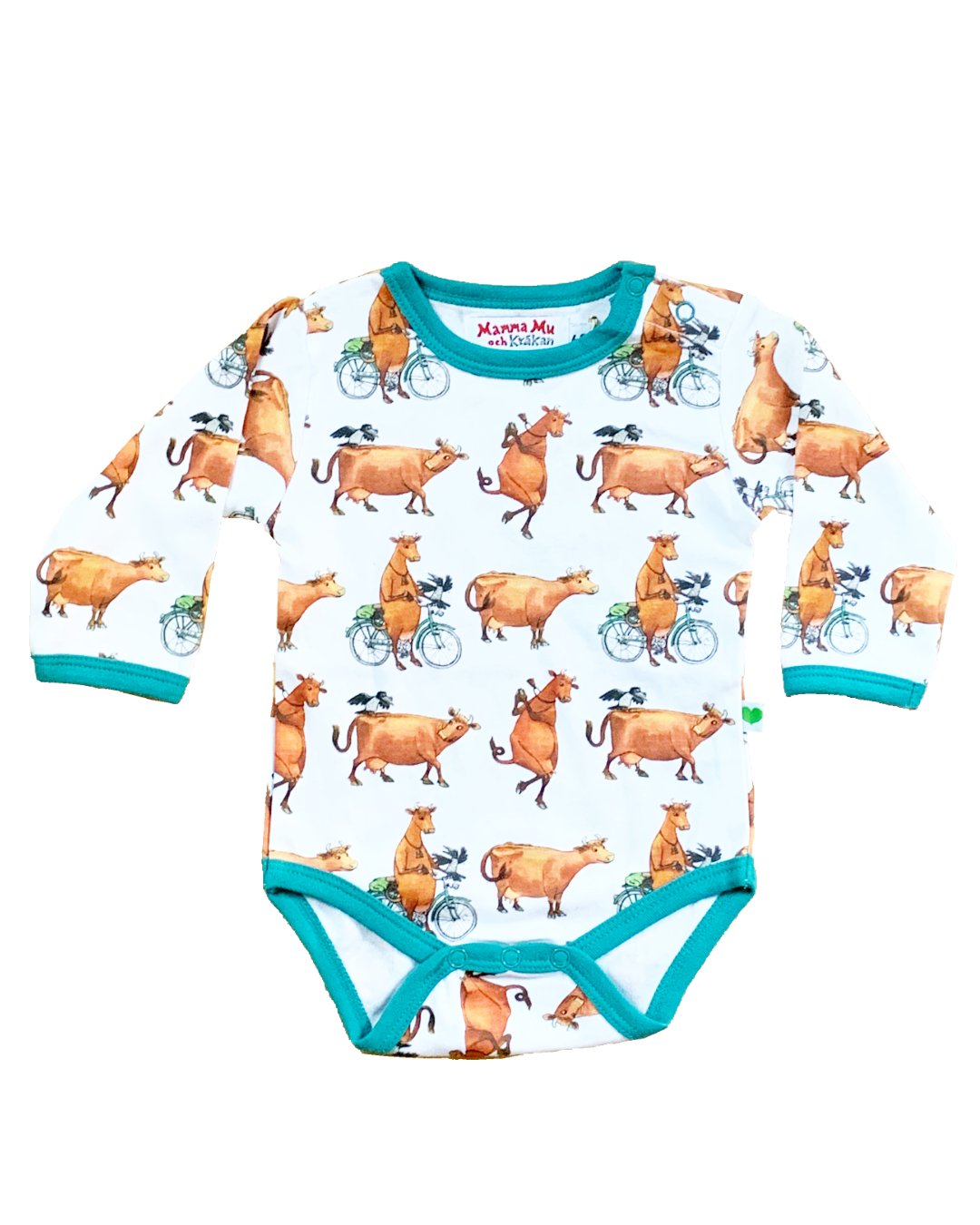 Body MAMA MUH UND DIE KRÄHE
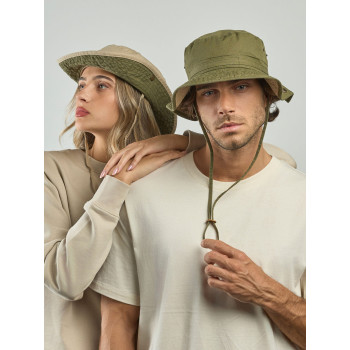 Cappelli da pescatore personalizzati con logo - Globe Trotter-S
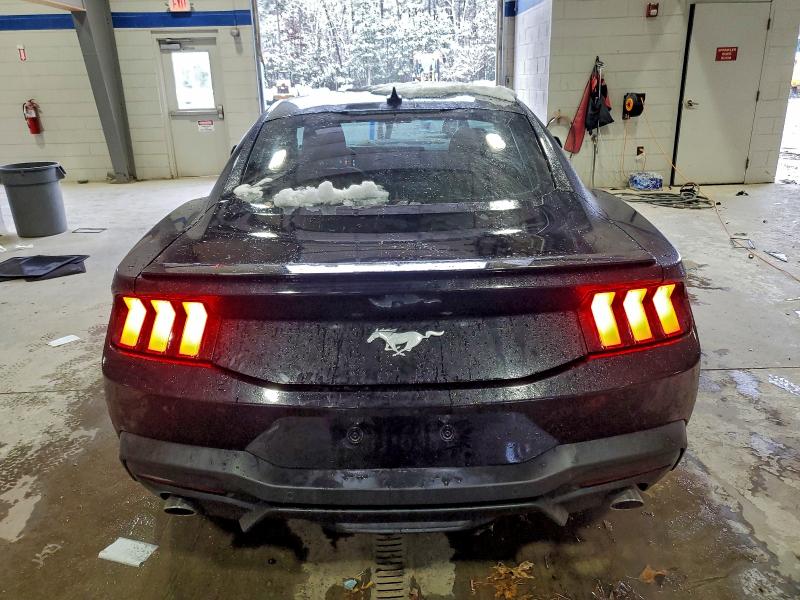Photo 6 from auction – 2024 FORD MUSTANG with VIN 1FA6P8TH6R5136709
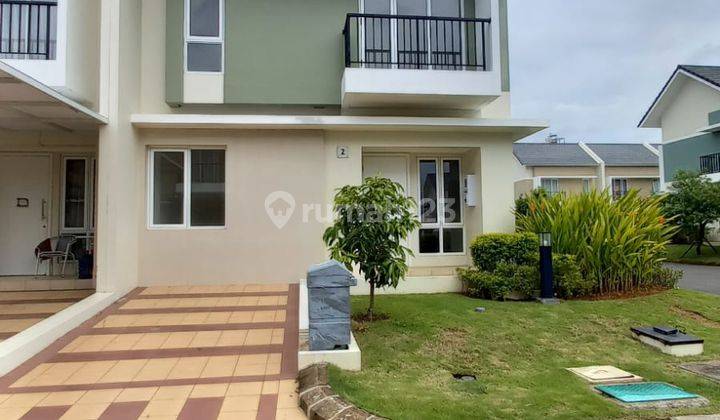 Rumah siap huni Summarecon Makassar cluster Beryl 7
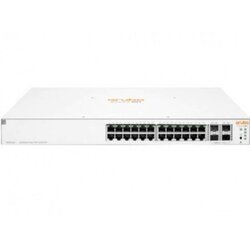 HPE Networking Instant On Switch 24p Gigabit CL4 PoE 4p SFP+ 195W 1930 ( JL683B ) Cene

• • • •

## YOUR GOAL
Nothing but the records, copied exactly and stripped of pictures, should be returned.

## REPLY TO THE EXERCISE
 Body MAMA MUH UND DIE KRÄHE
 Cappelli da pescatore personalizzati con logo - Globe Trotter-S
Photo 6 from auction – 2024 FORD MUSTANG with VIN 1FA6P8TH6R5136709
 Rumah siap huni Summarecon Makassar cluster Beryl 7
 HPE Networking Instant On Switch 24p Gigabit CL4 PoE 4p SFP+ 195W 1930 ( JL683B ) Cene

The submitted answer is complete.